So how do we go about having more of those dream-filled nights and less of those horrible waking nightmares? Well read on and I will let you in on the best way to have a good night, every night.
How to Have a Good Night’s Sleep for a Better Tomorrow
Get sweaty, get tired
Get sweaty, sounds silly I know, but so few of us actually get the correct amount – or any amount – of exercise a day. So my first tip is do something that gets you sweaty or at least out of breath every single day.
If your head hits that pillow of yours in the evening properly tired, then nothing is going to keep your eyes from closing.
I really don’t care what you do, take the dog for a walk, run around the garden, do a hundred press-ups, have more sex, dance like nobody’s watching…do absolutely anything, just make sure you do for at least 30 minutes a day.
And playing one five-a-side football match, or attending one yoga class a week does not count. Well, it does for that day but you need to be getting daily exercise.
Trust me on this one, it’ll make a massive difference in your ability to sleep. Now go get sweaty Betty!
Think about what you sleep on
Why is it sometimes we can sleep the entire night through, get our full doctor-recommended eight hours, and still feel terrible in the morning?
Well, this could be something to do with what you’re sleeping on or how you’re sleeping.
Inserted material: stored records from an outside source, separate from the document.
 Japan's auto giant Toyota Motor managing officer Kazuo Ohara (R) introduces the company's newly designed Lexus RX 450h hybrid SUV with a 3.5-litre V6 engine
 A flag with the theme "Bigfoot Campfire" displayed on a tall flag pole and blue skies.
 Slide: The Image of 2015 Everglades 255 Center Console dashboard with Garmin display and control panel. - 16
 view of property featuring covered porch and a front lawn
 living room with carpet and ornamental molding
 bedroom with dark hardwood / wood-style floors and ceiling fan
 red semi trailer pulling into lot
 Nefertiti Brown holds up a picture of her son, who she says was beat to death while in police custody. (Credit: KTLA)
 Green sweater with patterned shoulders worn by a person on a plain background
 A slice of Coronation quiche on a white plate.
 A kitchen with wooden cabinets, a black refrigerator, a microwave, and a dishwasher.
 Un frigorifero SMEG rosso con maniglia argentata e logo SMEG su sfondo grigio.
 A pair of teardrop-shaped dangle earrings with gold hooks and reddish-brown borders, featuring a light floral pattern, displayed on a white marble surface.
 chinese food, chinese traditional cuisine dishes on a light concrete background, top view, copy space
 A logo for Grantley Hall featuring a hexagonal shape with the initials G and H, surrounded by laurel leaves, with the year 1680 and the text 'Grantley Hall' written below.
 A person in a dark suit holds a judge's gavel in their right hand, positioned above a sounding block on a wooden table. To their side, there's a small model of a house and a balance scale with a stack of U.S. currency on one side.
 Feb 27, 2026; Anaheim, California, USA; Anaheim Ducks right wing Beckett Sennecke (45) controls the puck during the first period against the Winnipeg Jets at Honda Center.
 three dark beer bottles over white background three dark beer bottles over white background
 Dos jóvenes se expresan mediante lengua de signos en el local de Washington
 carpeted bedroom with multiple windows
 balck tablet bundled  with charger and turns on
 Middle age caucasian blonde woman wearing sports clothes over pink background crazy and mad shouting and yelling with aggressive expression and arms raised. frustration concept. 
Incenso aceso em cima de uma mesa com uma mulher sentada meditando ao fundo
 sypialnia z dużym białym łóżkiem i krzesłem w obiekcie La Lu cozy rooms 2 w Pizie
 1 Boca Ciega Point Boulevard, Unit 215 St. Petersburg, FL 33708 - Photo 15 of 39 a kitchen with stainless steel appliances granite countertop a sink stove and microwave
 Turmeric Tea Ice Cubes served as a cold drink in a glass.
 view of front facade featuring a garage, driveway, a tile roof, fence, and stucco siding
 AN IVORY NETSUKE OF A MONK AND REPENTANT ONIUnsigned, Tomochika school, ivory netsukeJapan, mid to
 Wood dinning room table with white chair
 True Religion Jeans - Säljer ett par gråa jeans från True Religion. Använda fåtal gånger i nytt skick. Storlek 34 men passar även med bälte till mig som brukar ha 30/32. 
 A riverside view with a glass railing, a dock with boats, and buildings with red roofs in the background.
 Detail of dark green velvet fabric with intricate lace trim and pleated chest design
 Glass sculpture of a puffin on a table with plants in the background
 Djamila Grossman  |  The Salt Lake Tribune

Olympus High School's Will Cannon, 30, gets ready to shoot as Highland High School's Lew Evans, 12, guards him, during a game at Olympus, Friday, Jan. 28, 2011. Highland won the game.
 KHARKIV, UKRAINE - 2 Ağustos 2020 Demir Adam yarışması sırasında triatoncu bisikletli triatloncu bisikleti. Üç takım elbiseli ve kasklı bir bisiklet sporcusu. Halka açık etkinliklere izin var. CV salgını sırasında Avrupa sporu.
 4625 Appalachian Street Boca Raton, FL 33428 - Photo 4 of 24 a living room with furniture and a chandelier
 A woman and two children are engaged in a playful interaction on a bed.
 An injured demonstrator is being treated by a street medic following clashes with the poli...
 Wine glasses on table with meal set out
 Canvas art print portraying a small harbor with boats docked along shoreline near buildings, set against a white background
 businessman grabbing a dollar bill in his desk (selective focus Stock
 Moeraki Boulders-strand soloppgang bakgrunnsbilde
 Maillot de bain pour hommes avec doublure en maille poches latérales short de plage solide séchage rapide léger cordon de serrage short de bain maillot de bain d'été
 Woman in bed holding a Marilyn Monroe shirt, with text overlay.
It constantly surprises me how many of us make do with old, creaky, sagging mattresses. And as a result, many of us crawl out of bed in the morning with completely avoidable aches and pains.
The same goes for how we sleep. Lots of us don’t really think about how we sleep, we just lie down, toss and turn and eventual drop-off. But there are good ways and bad ways to sleep and these differ depending on our bodies.
Switching up sleep positions can have a big impact on how you feel in the morning.
If you feel you could do with a little guidance on how to get the most out of your sleeping position, check out this fascinating guide from the experts at the Sleep Advisor on whether sleeping with a pillow is right for you.
Go on a light diet
I don’t mean eat less, I mean have a look at the light you consume in the hours leading up to your bedtime.
The modern world is full of light, so much so that sometimes it can be hard to work out if it’s day or night. Unfortunately, our brains haven’t quite caught up and they still associate light with being alert and awake. So why not give you poor grey thought sponges a little helping hand and limit your light intake in the evening.
Firstly, dim the lights around your home in the hours before bed. Where possible light your home with lamps and not bright overhead lights. If it’s winter time and the days are short, try and synchronize the dimming of your own lights with sunset.
Secondly, screens should be banned from your bedroom. It isn’t a cinema so stop watching films in bed. Treat your bedroom like a sanctuary dedicated to sleep. Sleep, and well maybe a little of the good stuff.
Speaking of sex, ban screens from the bedroom and instead of checking your Twitter feeds before bed every night you and your partner might start redirecting that attention elsewhere – like each other. You’re welcome!
Third and finally, eradicate any light pollution. This means making sure your bedroom is pitch black when you turn out the light.
This may involve Investing in a quality set of blackout curtains or blinds. Or it could be as easy as buying one of those little sleep masks. Whichever you go for, the impact of a perfectly dark room can have an immediate effect on our sleep.
Well, there you have it – three tips on how to achieve a good night’s sleep. Hopefully, they work for you and tomorrow you will wake up feeling like you can take on the world.